Waizmann estimates that there is more than 1 million square feet of empty storefront space in Reno-Sparks. The loss of three Hollywood Video locations, Safeway at Firecreek Crossing and Sports Authority at Sparks Galleria added an additional 113,000 square feet of dark space to the market.
“We are still seeing fallout,” Waizmann says. “And it takes a lot of small shop space and a couple of junior anchor deals to impact vacancy rates.”
Overall retail vacancy in the Reno-Sparks market stood at 16.85 percent in the fourth quarter of 2009, says Bland. But the vacancy rate for smaller spaces – “line-shop space” in industry terms – stood at nearly 21 percent. Both vacancy rates are the highest levels since NAI began tracking the market in 1990, Bland says.
With the historic highs in vacancies, market-savvy tenants are bringing increasing pressure to bear on landlords to secure attractive lease rates and tenant improvements.
“Everyone is kicking us in the knee,” Mattison says. “They know that rents are low and that is where they want to play. We have some landlords saying, ‘I need some warm bodies,’ and others that are challenged to chase the market down that far.”
Much of the interest in line-shop space comes from existing businesses that are ready to relocate if landlords are unwilling to renegotiate lease terms, Mattison adds. Landlords face the daunting task of setting asking rental rates low enough to lure tenant interest, but at the same time keeping them high enough to stabilize their properties and values. The result presents a quandary, Mattison says.
“Do they keep asking rents at strong levels, knowing that they will be underbid, or do they lower them and not take such an underbid to increase the flow of traffic?
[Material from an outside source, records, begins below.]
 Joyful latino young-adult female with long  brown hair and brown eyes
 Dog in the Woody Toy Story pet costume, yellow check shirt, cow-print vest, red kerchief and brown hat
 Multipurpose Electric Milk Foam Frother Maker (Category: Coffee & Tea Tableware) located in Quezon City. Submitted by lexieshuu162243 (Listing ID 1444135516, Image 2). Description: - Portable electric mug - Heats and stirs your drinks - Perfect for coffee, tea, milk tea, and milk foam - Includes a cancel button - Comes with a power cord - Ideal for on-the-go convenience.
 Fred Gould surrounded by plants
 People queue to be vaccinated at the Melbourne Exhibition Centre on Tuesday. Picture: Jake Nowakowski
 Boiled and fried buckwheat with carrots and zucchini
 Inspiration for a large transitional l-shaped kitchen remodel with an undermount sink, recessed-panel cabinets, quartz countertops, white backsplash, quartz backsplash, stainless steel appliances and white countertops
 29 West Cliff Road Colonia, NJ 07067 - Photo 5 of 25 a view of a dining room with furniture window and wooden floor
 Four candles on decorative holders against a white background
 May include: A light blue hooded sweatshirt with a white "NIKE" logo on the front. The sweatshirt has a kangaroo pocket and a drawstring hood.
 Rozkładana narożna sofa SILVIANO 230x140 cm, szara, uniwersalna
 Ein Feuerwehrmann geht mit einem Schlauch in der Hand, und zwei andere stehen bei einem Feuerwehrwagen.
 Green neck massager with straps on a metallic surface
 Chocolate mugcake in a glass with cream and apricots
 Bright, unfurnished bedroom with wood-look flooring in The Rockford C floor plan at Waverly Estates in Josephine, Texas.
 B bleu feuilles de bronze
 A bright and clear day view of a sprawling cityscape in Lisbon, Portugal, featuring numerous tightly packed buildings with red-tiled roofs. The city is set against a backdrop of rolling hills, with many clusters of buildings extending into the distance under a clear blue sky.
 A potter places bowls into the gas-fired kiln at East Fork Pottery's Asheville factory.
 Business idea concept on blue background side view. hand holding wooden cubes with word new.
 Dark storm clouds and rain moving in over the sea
“Landlords right now are struggling trying to set the bar. If they set rates where they need to be knowing they will get undercut by the offer, they have the risk of not getting much traffic looking at the space, so do they bring it down and still get it undercut? Tenants don’t see that but we do.”
Bland says that although a number of anchor tenants are expected to leave the market in the first quarter, he expects retail vacancies and lease rates to begin stabilizing in the quarter.
“Our hope is that the number of businesses that are leaving or going out of business has moderated and that the new people coming in will outpace those that have been leaving. I think we will see that crossover this year, and that will help us start filling up that vacant space in the market.”